- [TRY IT]:
The task for the listing below is to write out exactly the lines starting at the one containing "Restoranda korkunç patlama: Ortalık" and ending at the one containing "Galaxy Ace 4 Neo Como Nuevo", both included. Pictures are to be omitted.

- [SOURCE MATERIAL]:

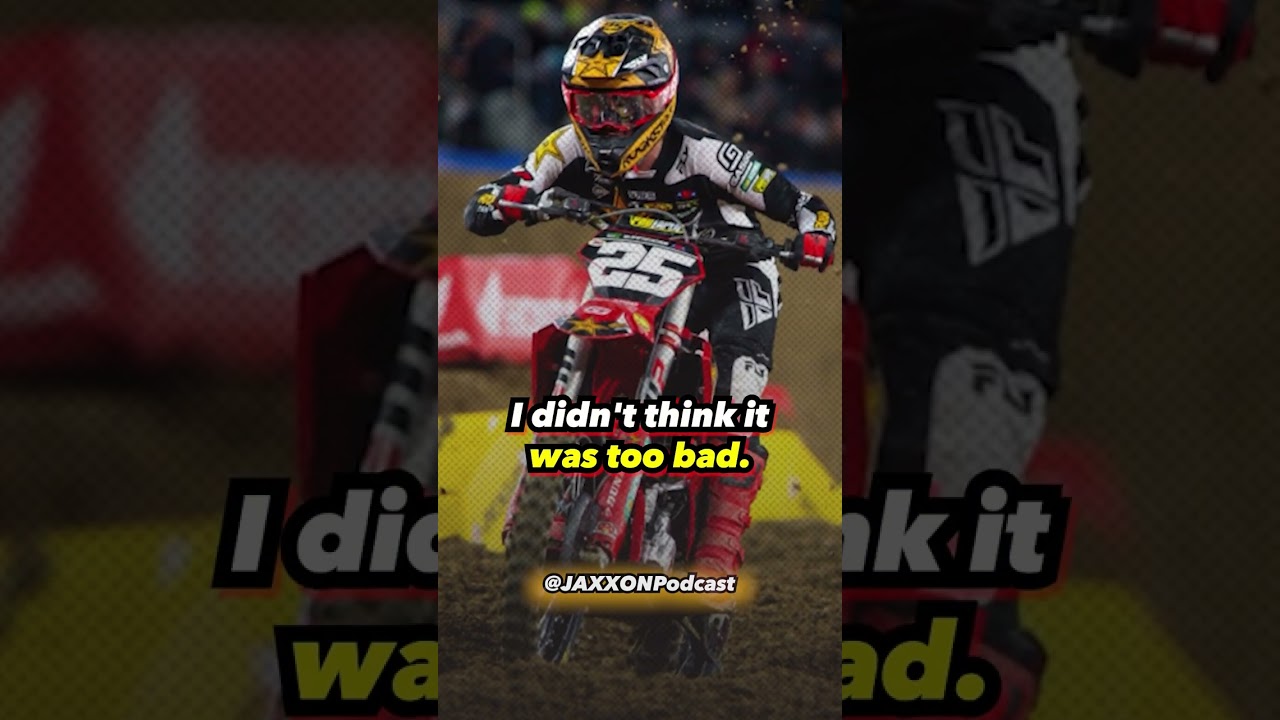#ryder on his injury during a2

---

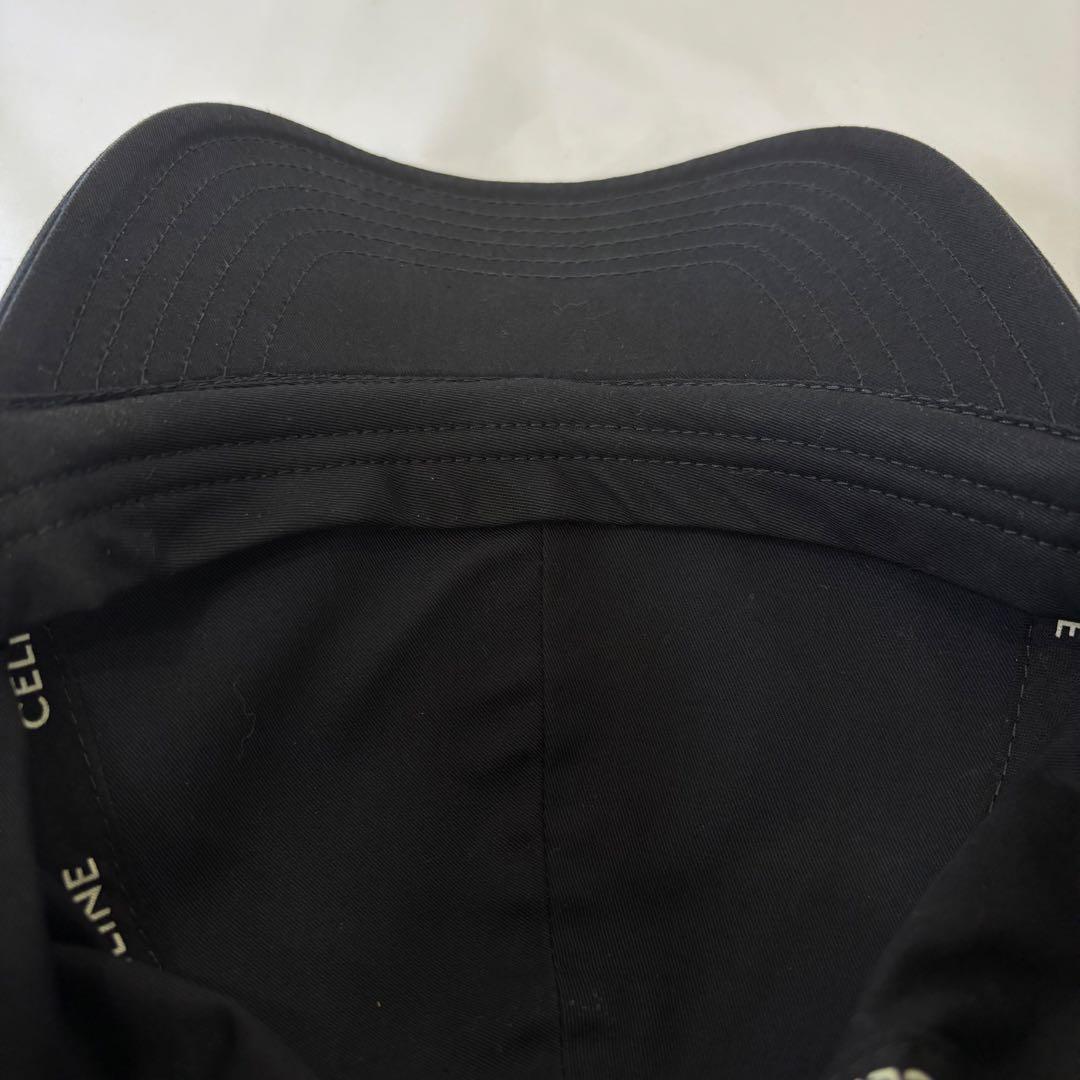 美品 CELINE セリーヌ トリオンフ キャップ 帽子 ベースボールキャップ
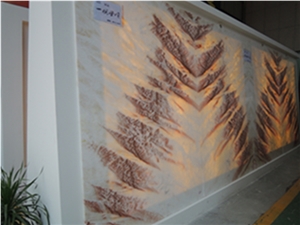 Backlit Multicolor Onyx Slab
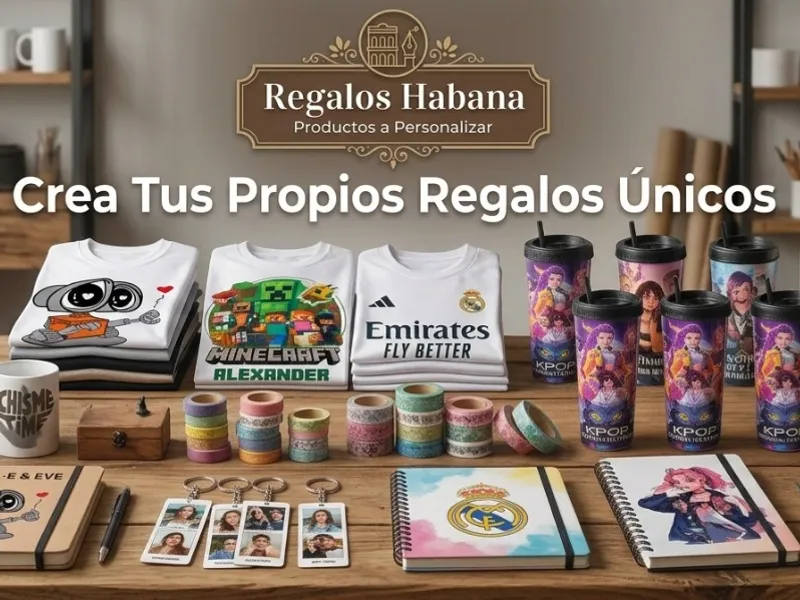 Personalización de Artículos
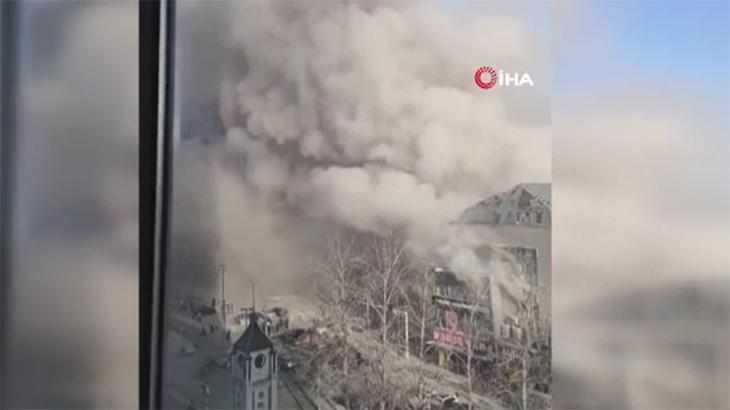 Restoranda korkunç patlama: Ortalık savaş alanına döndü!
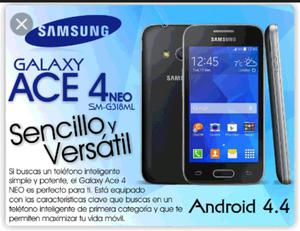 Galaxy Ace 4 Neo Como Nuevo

- [ANSWER BOX]:
 Restoranda korkunç patlama: Ortalık savaş alanına döndü!
 Galaxy Ace 4 Neo Como Nuevo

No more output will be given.